What is needed: Should pictures appear among the records, leave them out, and copy exactly only the lines from the first through the one with "Hi everyone. This", inclusive.

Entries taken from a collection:
....................
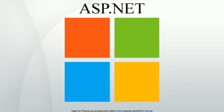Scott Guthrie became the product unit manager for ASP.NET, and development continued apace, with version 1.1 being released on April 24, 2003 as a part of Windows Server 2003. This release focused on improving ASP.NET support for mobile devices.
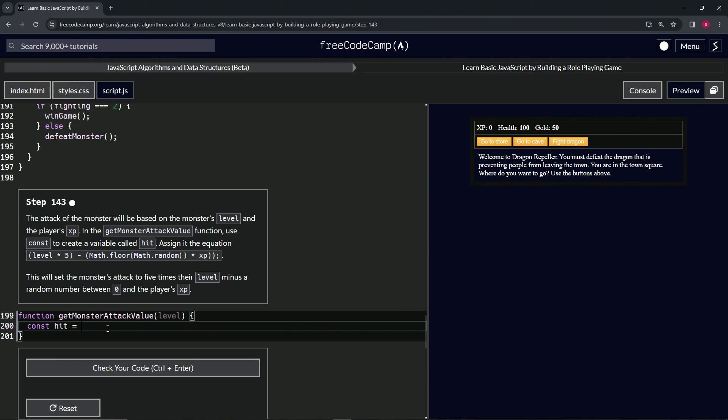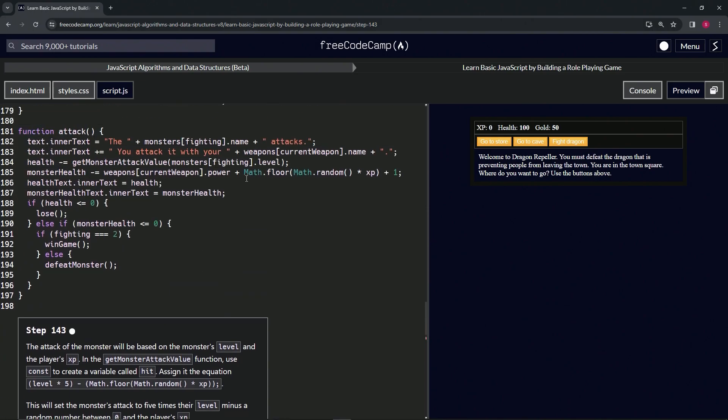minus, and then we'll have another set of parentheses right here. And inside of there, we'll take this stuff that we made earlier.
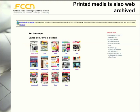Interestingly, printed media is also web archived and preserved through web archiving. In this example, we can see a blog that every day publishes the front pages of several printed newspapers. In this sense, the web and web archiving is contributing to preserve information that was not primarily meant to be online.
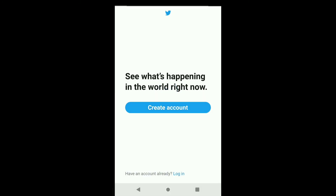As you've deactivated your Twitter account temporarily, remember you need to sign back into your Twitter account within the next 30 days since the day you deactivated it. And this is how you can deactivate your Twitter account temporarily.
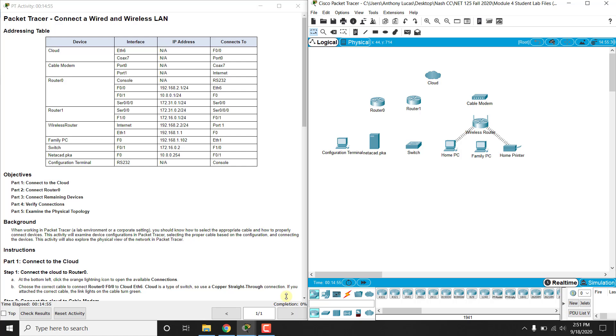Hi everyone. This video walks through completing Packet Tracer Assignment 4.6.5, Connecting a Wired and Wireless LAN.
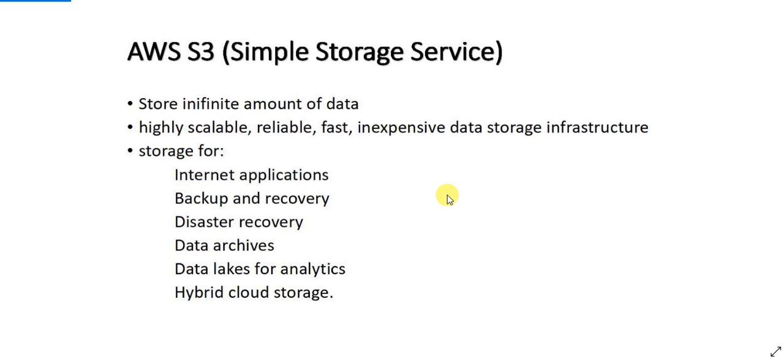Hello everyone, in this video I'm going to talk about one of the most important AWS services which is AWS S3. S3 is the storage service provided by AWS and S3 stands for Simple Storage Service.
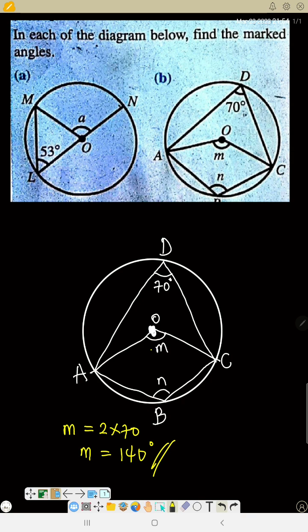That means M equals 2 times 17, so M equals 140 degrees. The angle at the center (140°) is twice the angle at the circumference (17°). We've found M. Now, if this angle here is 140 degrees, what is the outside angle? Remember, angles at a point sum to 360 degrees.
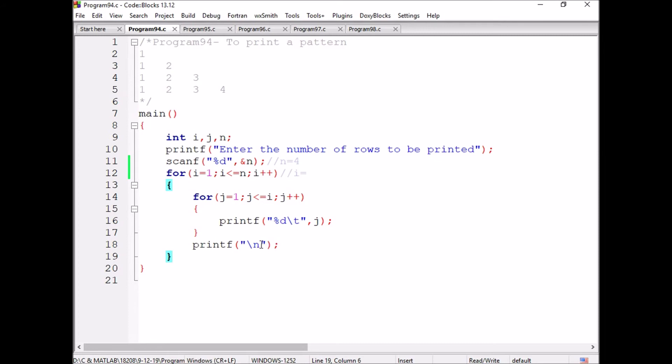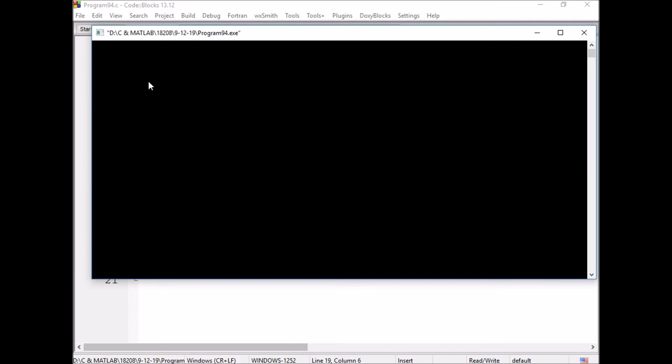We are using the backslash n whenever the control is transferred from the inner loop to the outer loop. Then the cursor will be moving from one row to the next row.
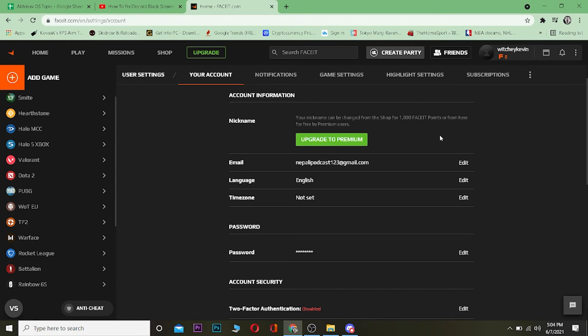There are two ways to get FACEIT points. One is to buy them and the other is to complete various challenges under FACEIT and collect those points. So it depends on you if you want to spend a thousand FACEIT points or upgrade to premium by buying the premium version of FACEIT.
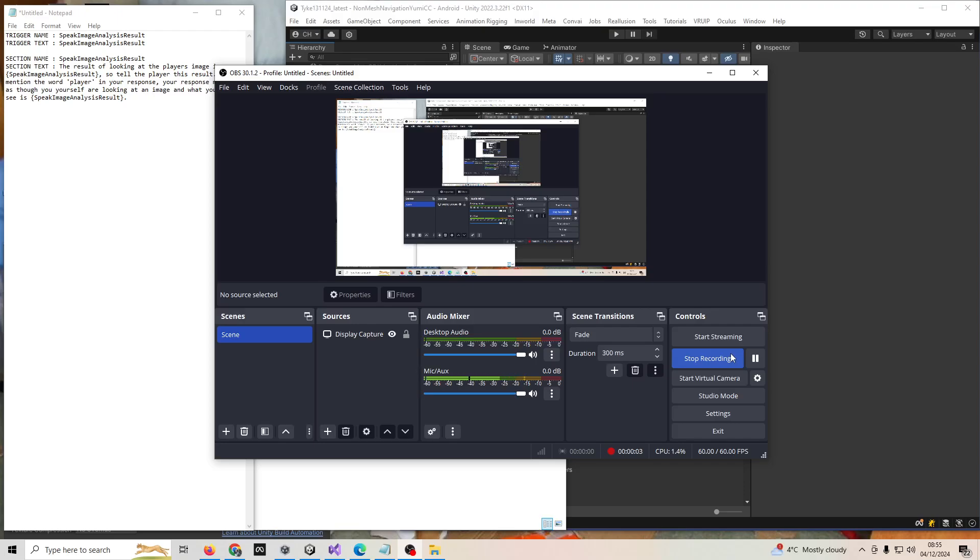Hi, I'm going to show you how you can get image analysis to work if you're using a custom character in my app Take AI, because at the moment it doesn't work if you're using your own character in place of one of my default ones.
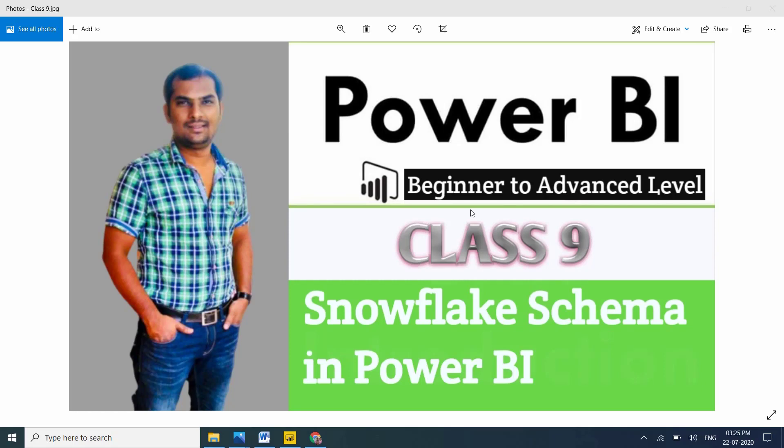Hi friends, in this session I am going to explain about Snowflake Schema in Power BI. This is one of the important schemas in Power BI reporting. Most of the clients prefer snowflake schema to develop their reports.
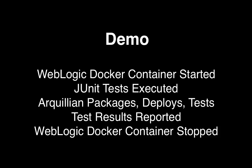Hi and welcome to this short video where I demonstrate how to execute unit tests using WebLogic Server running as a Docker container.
....................
Task output:
Scott Guthrie became the product unit manager for ASP.NET, and development continued apace, with version 1.1 being released on April 24, 2003 as a part of Windows Server 2003. This release focused on improving ASP.NET support for mobile devices.
minus, and then we'll have another set of parentheses right here. And inside of there, we'll take this stuff that we made earlier.
Interestingly, printed media is also web archived and preserved through web archiving. In this example, we can see a blog that every day publishes the front pages of several printed newspapers. In this sense, the web and web archiving is contributing to preserve information that was not primarily meant to be online.
As you've deactivated your Twitter account temporarily, remember you need to sign back into your Twitter account within the next 30 days since the day you deactivated it. And this is how you can deactivate your Twitter account temporarily.
Hi everyone. This video walks through completing Packet Tracer Assignment 4.6.5, Connecting a Wired and Wireless LAN.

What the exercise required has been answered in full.